'Digitaal tenzij' is niet meer een uitgangspunt van een paar betweters, het wordt gesteund door leiderschap met lef, bleek uit de Nederlandse inbreng in Europa.
Het Nederlandse voorzitterschap van de EU geeft de mogelijkheid onze inzet voor de digitalisering van de overheid nog eens te toetsen aan wat er elders in Europa gebeurt. En om onze inzichten scherp te slijpen in contact met collega’s, ook binnen de Europese commissie. Juist in de digitale wereld, waarin de overheid met een goed antwoord moet komen op de ontwikkelingen in de leefwereld, is zo’n ontmoeting zeer waardevol.
Zonder hier in verslaglegging te vervallen moet ik toch melding maken van een drietal optredens. Alle drie getuigden van lef en leiderschap. Ronald Plasterk profileerde zich sterk als de politiek verantwoordelijke voor de e-overheid. Met mooie voorbeelden stelde hij drie begrippen centraal : push people (dus dringend mensen helpen om gebruik te maken van de nieuwe technologie), geef altijd aandacht aan privacy en integriteit, en tot slot het uitgangspunt moet altijd zijn: user first.

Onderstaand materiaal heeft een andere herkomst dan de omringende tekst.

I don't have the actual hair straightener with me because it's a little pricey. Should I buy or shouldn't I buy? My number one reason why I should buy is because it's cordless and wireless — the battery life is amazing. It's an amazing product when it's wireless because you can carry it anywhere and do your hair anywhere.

Stiekem dacht ik: ja, en dan met bundeling van budgetten, voldoende voor de doorontwikkeling van de digitale overheid en met bevoegdheden of doorzettingsmacht. Want dat blijken cruciale succesfactoren te zijn in een aantal landen met een sterk ontwikkelde eGovernment. De tweede opvallende inbreng van Nederlandse bodem was van Constantijn van Oranje. Met zijn overtuigende ‘just do it’- houding en de uitdaging richting de overheid om een ‘digital mindset’ te ontwikkelen, weet hij velen uit de comfortzone te halen. Zijn opmerkingen over de ontwikkeling naar een data-driven overheid werden door Valerie Frissen loep-zuiver opgepakt. We zijn op weg naar een data-driven society, waarin ‘openness and transparancy are key’ het buzz-woord is. Voorwaarde is ‘high trust’ in relatie met die twee begrippen en dat was een terugkerend thema tijdens alle Europese ontmoetingen. Digitaal tenzij is niet meer een uitgangspunt van een paar dolgedraaide betweters, nee het wordt gesteund door leiderschap met lef, zo bleek dus uit onze Nederlandse inbreng in Europa.

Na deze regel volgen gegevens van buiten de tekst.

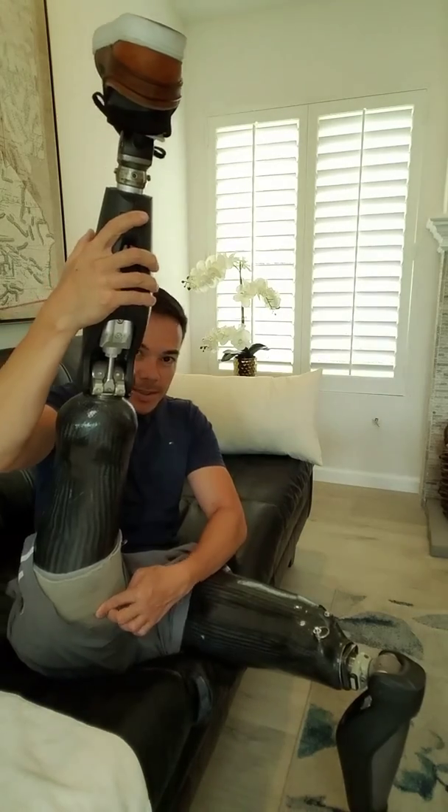And then on my right side, which I wear a single-wall vacuum system — I'll tell you in a moment why — the trim lines are even lower. The top of the socket comes right here. You can hear the C-Leg 4 beeping, and that means it's trying to communicate with Bluetooth, but that's a different topic.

Juist omdat we in Nederland zo kritisch zijn over de toegevoegde waarde van de EU is het goed te benadrukken, dat de praktijk van alle dag vraagt om een gezamenlijke inspanning. Standaardisering is nodig om internationaal veilig digitaal zaken te kunnen doen. Sharing van het noodzakelijke gemeenschappelijke is een EU-opdracht. We moeten daar heel zorgvuldig mee omgaan, nu ‘big and open data’ in alles een steeds grotere rol krijgt. ‘Caring’ voor data zal op EU-richtlijnen gebaseerd moeten zijn. Om dat succesvol te kunnen doen zullen we steeds opnieuw, met vallen en opstaan, moeten vernieuwen. Gebaande wegen bestaan niet in de digitale wereld; durf uit te proberen en doe het ‘agile’ en met flexibiliteit. Daring dus. Sharing, caring and daring zijn drie uitgangspunten, die ook in de EU voorop moeten staan. Naast de inbreng van de verantwoordelijke minister, de digitale prins en de inzicht-gevende professor Frissen zijn deze drie begrippen onze bijdrage aan het Nederlandsche voorzitterschap. Mogelijk zet het ons verder aan het denken om vanuit de overheidswereld aansluiting te (blijven) vinden bij de Europese leefwereld.
De gruwelijke overdaad aan Engelse termen maakt eens te meer duidelijk dat de digitale overheid (‘Digital Government’) definitief het spoor bijster is (‘lost track’) en het slachtoffer (‘victim’) van adviseurs (‘consultants’) en zelfverklaarde toekomstdeskundigen (‘visionaries’).